Thursday, January 26, 2012

Films 2011

As usual films seen for the first time from January 1 to December 31, 2011.

Best:

Alphabetical this year - normally I figure if I'm silly enough to do this at all might as well go all the way but maybe it's time to be only 90% silly.

Attack the Block (Joe Cornish 2011) - Don't know what it says about me that there are two monster-attack films on this list but as pure entertainment nothing I saw was this clever, imaginative or tightly controlled and as social observation it was nearly as strong.

Dillinger e Morto (Marco Ferrri 1969) - I'd never heard of this until Criterion's release but what a stupefying experience. Sometimes starkly controlled and other times almost over-determined but cryptic, elliptical and not quite like anything else.

The Friends of Eddie Coyle (Peter Yates 1973) - Yep, I'm a sucker for naturalistic, low-level crime stories and they're actually fairly uncommon in films - this one is even an adaptation from a fantastic novel. This look at a bottom-rung fixer/go-between who slowly gets ground in the gears could easily have been too heavy-handed or, oddly, too dark but there's more going on here than in the handful of episodes of The Wire that I saw.

Greenberg (Noah Baumbach 2010) - Another almost slice-of-life story about a nobody, only this time no crime just a confused, badly adjusted guy trying to make something happen - but the film manages to capture life's confusion and unexpected changes.

The Imaginarium of Dr Parnassus (Terry Gilliam 2009) - Childish fantasy films like the Lord of the Rings series get the attention but this is the real thing.

Lola (Jacques Demy 1961) - Like its New Wave contemporaries a sharp, not entirely cheerful character study of two people drifting through life - one competely aware of it, the other not.

Le Quattro Volte (Michelangelo Frammartino 2010) - Forget all the spiritual mumbo-jumbo surrounding this film and go for the minimal, nearly blank look at rural life that's either one of the most peculiar documentaries ever made or one of the least story-filled stories. And it boasts probably the most audacious shot I saw this year - a lengthy, single-take gag that I swear is a Tati tribute.

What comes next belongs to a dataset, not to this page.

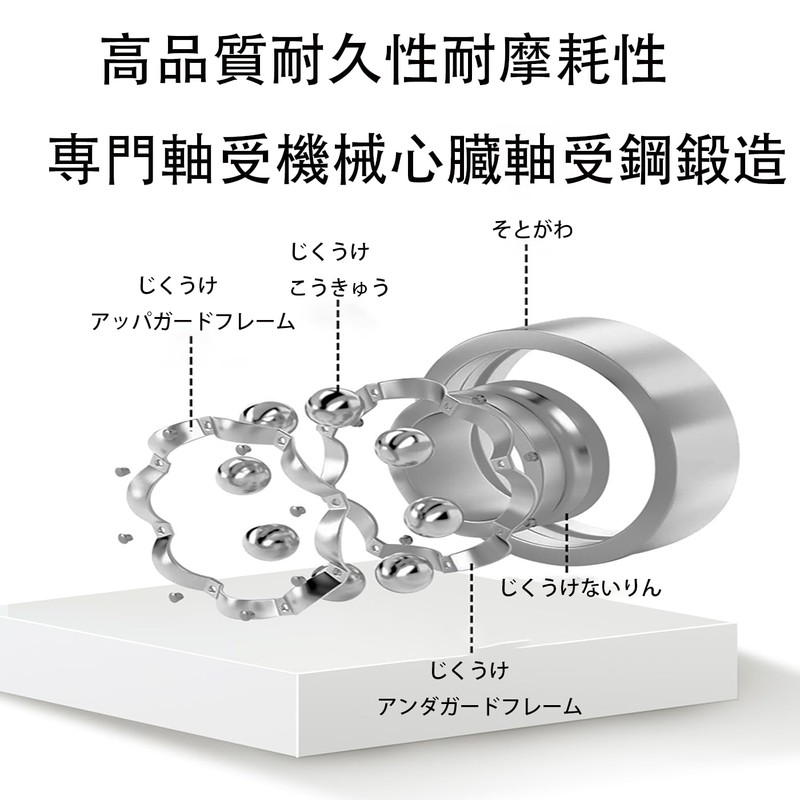 LeTradeJP Bearings MR608ZZ DDL-608ZZ Miniature Bearings Ball Bearings Inner Diameter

Police, Adjective (Corneliu Porumboiu 2009) - Odd that a film this visual and where so little happens is actually about language though instead of a dissertation this is more allusive and open - poetic in the deepest sense.

Pontypool (Bruce MacDonald 2008) - And hey another film that's "about language" and in this case it had me laughing out loud even though this isn't a comedy (and the humor was intentional or at least not unintended). Just imagine a Beckett zombie film only this is by Canadians so they're smarter and more human than Beckett ever was.

Road to Nowhere (Monte Hellman 2010) - If you don't like it that title is all too descriptive but I'd claim it's a Rivettean hall-of-mirrors and in a way more audacious than Tree of Life. Hellman is one of America's great directors and it's a shame it takes so many years for his films to get made.

The Social Network (David Fincher 2010) - Citizen Kane reimagined for the consumer generation.

The 3 Rs (David Lynch 2011) - A "trailer" for the Vienna Film Festival that borders on self-parody but is just as confusing (and disturbing) as his best work.


Honorable:

American Revolution 2 (Howard Alk & Mike Gray 1969)

Bridesmaids (Paul Feig 2011)

Bug (William Friedkin 2006)

Careful! (Guy Maddin 1992)

Carlton-Browne of the F.O. (Roy Boulting 1959)

Death Rides a Horse (Giulio Petroni 1967)

Deep Red (Dario Argento 1975)

Don't Look Back (Marina de Van 2009)

Exit Through the Gift Shop (Banksy 2010)

Extract (Mike Judge 2009)

Flaming Creatures (Jack Smith 1963)

La Jetee (Chris Marker 1962)

The Killer Inside Me (Michael Winterbottom 2010)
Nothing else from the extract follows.